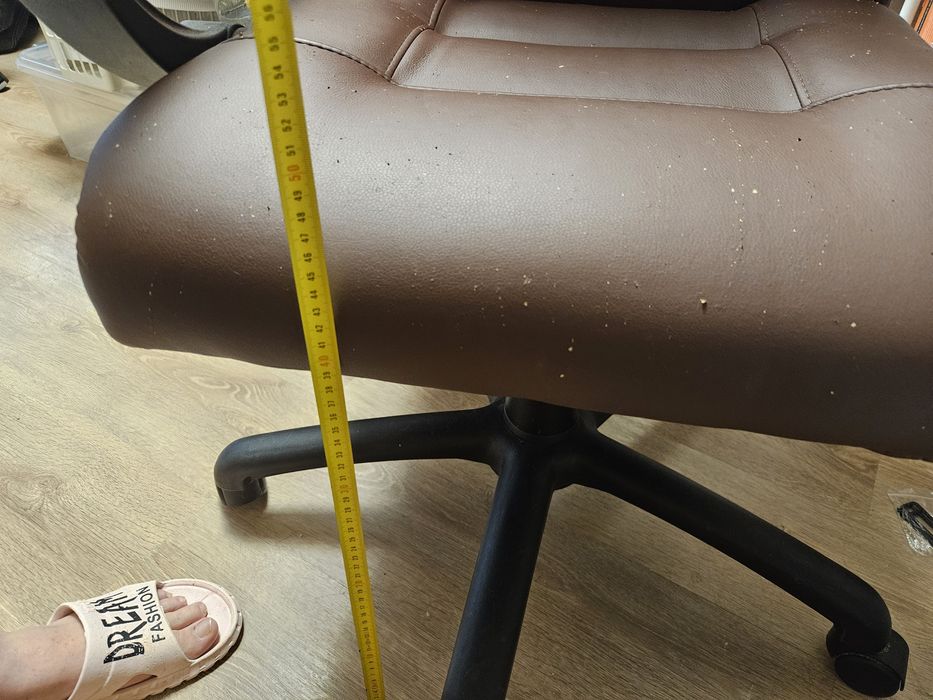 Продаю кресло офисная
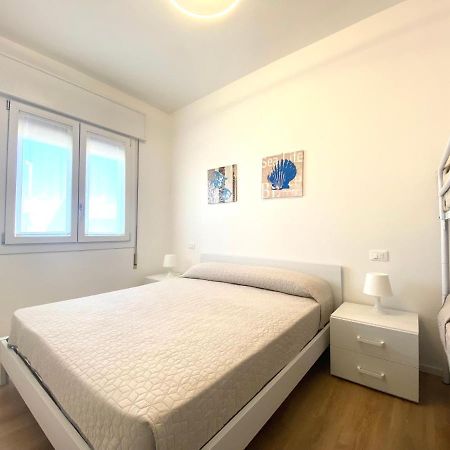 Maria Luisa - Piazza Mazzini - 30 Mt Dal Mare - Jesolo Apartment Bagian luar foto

============================================================

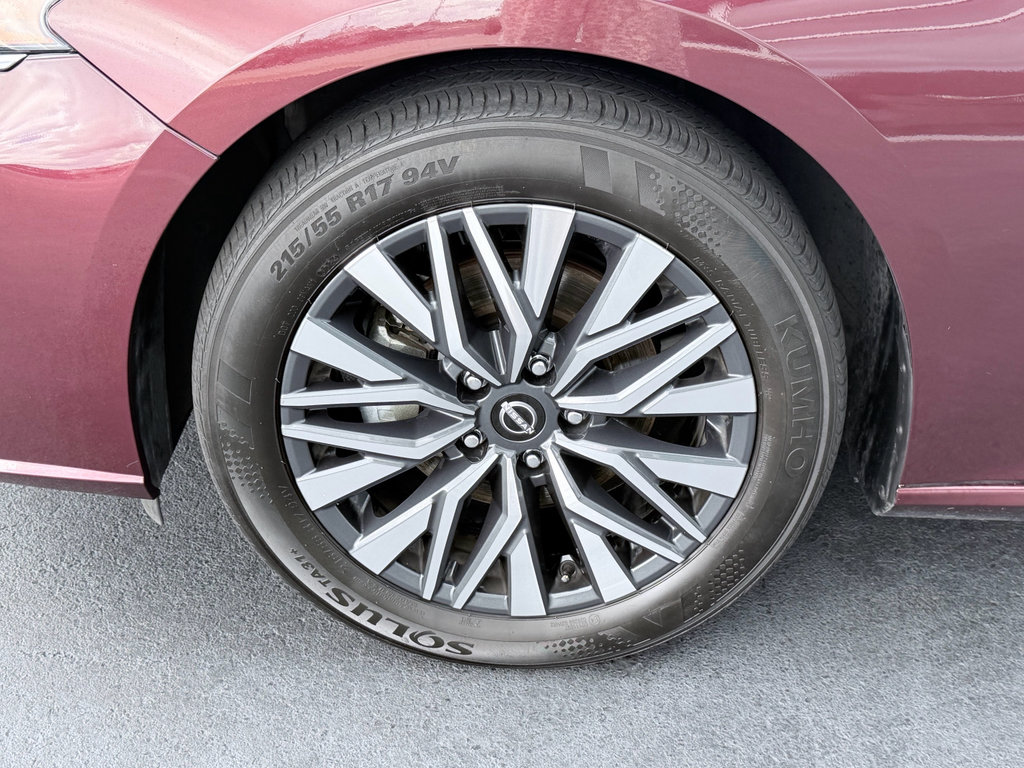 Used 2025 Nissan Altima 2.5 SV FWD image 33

============================================================

[ACTIVITY] The answer is those lines of the material above that run from the one containing "Продаю кресло офисная" up to and including the one containing "Maria Luisa - Piazza", restated exactly and without images.

[EXPECTED ANSWER]
 Продаю кресло офисная
 Maria Luisa - Piazza Mazzini - 30 Mt Dal Mare - Jesolo Apartment Bagian luar foto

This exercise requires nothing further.